Enter Nineteenth Century Collections Online [NCCO]. This recently launched project follows in the footsteps of its eighteenth-century predecessor and, in the words of its publisher Gale Cengage, aims to be “the most ambitious scholarly digitisation and publication program ever undertaken.” The archive will contain millions of pages of nineteenth-century books, periodicals, diaries, letters, manuscripts, photographs, government records, pamphlets, and maps. More interestingly, it promises researchers the opportunity to subject these sources to some interesting new forms of qualitative and quantitative analysis. I’ve spent the last few days playing around with a trial version and, whilst it’s too soon to write a full review, I have a few preliminary thoughts on how it’s shaping up.

Content

 

NCCO contains such an eclectic range of sources that it’s difficult at first to get a handle on all of its contents. In fact, it makes more sense to think of NCCO as a customisable research platform that houses a series of themed archives. By the looks of things, it’ll be possible for libraries to select which archives they want to subscribe to.  At present, three  archives are available, each of which contains a series of sub-collections:

  1. Asia and the West: Diplomacy and Cultural Exchange
    British Foreign Office correspondence on Japan; dispatches and records from U.S. consuls in various Asian territories; missionary correspondence and journals; periodicals on Asian culture and society.
  2. British Politics and Society
    British Cabinet Papers, 1880-1916; British Labour History Ephemera; British Trade Union History Collection; Civil Disturbance, Chartism and Riots in Nineteenth Century England; Colonial Defence Commission under Lord Carnarvon; Diaries of Sir Frederick Madden; Discontent and Authority, 1820-1840; Transactions of the Manchester Statistic Society I & II; Home Office papers, records, and correspondence; the Police Gazette, 1828-1845; Ordnance Survey Drawings, 1789-1840; Papers and Correspondence of Charles James Fox, 1749-1806; Papers of Sir Robert Peel; Working Class Autobiographies; papers relating to Radicalism, Anti-Radicalism and Reform, 1769-1861; ephemera relating to British social and working conditions, politics, and economics, 1770s-1850s; the papers of John Cam Hobhouse, 1809-1869; rare freethought militant 19th century books; rare radical and labour periodicals; letters relating to the Jack the Ripper killings; books, pamphlets, and periodicals relating to working-class politics.
  3. European Literature, 1790-1840: The Corvey Collection
    A  collection of rare English (3,250 works), French (3,658) and German (2,653) Romantic-era writing.

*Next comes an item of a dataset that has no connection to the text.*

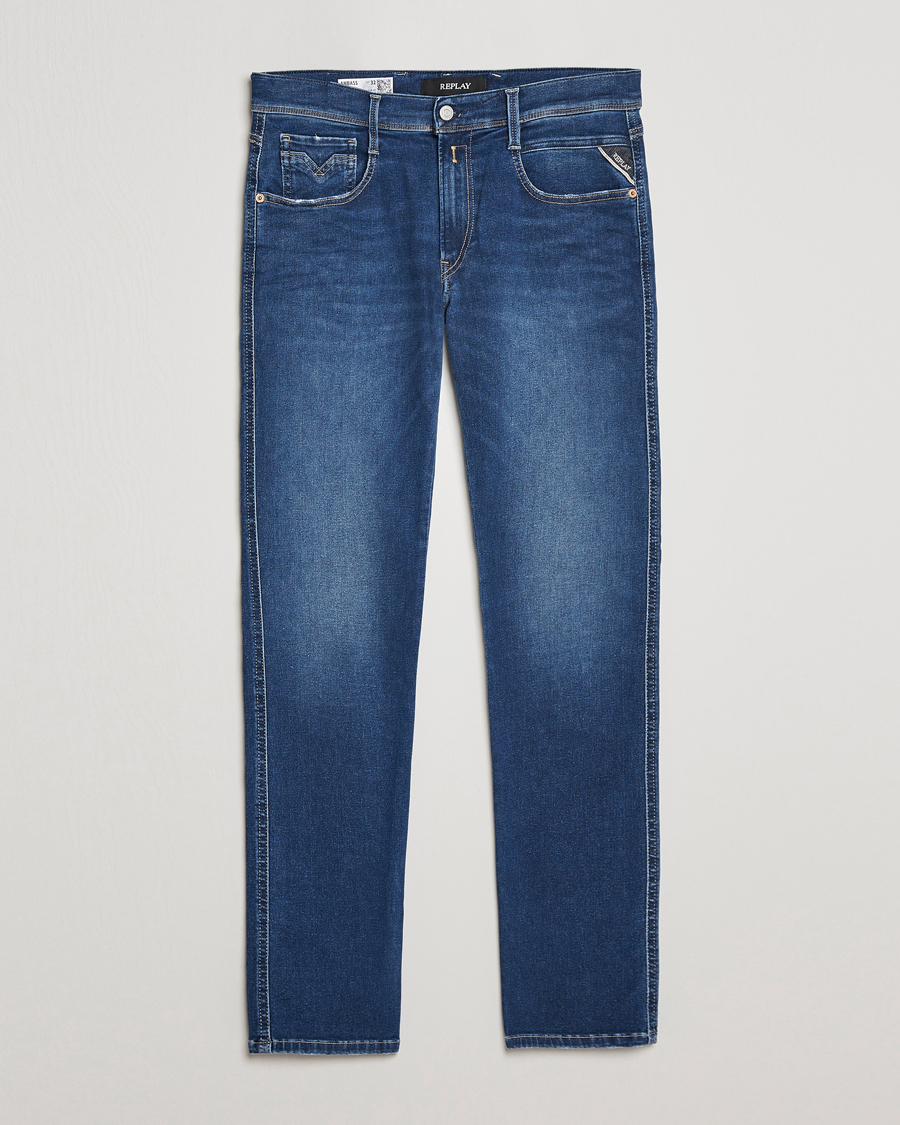 Herre | Jeans | Replay | Anbass Hyperflex Re-Used Jeans Dark Blue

A fourth collection, ‘British Theatre, Music, and Literature: High and Popular Culture’, will be released soon. It promises to contain a range of playbills, scripts, scores, and other pieces of theatrical ephemera. Presumably, if the product is successful, a steady stream of new archives will be announced over the coming years.

It’s hard to review such a disparate collection of items – historians of the period will each find different elements of the archives interesting. In general terms, the main thing to note is that these collections are more curated than many previous archives. Rather than digitise millions of pages of books and newspapers and then throw them together, the collections in NCCO are carefully compiled and well presented. There’s an impressive amount of background information provided for each archive, and brief summaries for most of the sub-collections too. Here’s what you’ll find if you access the Jack the Ripper letters from within the British Politics and Society collection:

There are pros and cons to using such a carefully curated archive. On the plus side, browsing through its contents is more user friendly – it’s much easier to casually meander through the archive when everything is clearly subdivided and signposted. The sub-collections should also make it easier for teachers to set more focused and manageable research tasks for undergraduate students. However, there are downsides to an archive in which all of the documents have been carefully picked out for their historical ‘significance’ and thematic relevance. Namely, the opportunity for new discoveries feels more limited. I’m sure that there are plenty of secrets still to be uncovered in NCCO‘s collections, but browsing through its contents isn’t quite as exciting as exploring the ‘vast terra incognita of print’ that has been opened up in recent years by large-scale newspaper digitisation projects. Each visit to the British Library Newspaper Archive [BLNA] brings with it the promise of exploring virgin territory; it’s likely that many of the articles you’ll encounter haven’t been read since the day they were published. By comparison, NCCO’s collections feel like well-trodden ground. Of course, the ability to search these documents by keyword should lead to new discoveries, connections, and perspectives that weren’t available using conventional archives.

Interface

The methodological possibilities of any digital archive are determined in large part by its interface. I’ve always been a fan of Gale’s work in this area – compared to their competitors, their interfaces and search tools are usually faster and more user friendly. The British Library Newspaper Archive isn’t without its design faults, but its interface is quicker than similar databases by ProQuest  and far more user-friendly than the disastrous efforts of UK Press Online. The BLNA, like the Times Digital Archive before it, was based on a relatively straightforward html interface which displayed its images as jpegs. This format allowed newspaper articles to load quickly and for users to save or copy them with a quick right-click of the mouse. It was simple, but it worked. In recent years, however, Gale has introduced a more high-tech, flash-based interface. Users of NewsVault and the Illustrated London News Digital Archive will already be familiar with the basic components of this new interface. Here’s how it looks:

 

It has some nifty new features – you can zoom in and out of an article more quickly (though not as smoothly as in the new British Newspaper Archive), alter brightness and contrast levels, rotate the image, view it in full-screen, and view separate sections of the source simultaneously by using the ‘split-screen’ feature. Newspaper articles are also displayed in their true context, with the rest of the page faded out slightly. The new interface lets you tag items (with both public and private keywords), create personal annotations and bookmarks, and export references to leading citation managers. The site is also compatible with Zotero – a welcome new feature that promises to make the organisation of primary research materials much easier. Unfortunately, the plugin just downloads the metadata for your chosen document and not the document itself.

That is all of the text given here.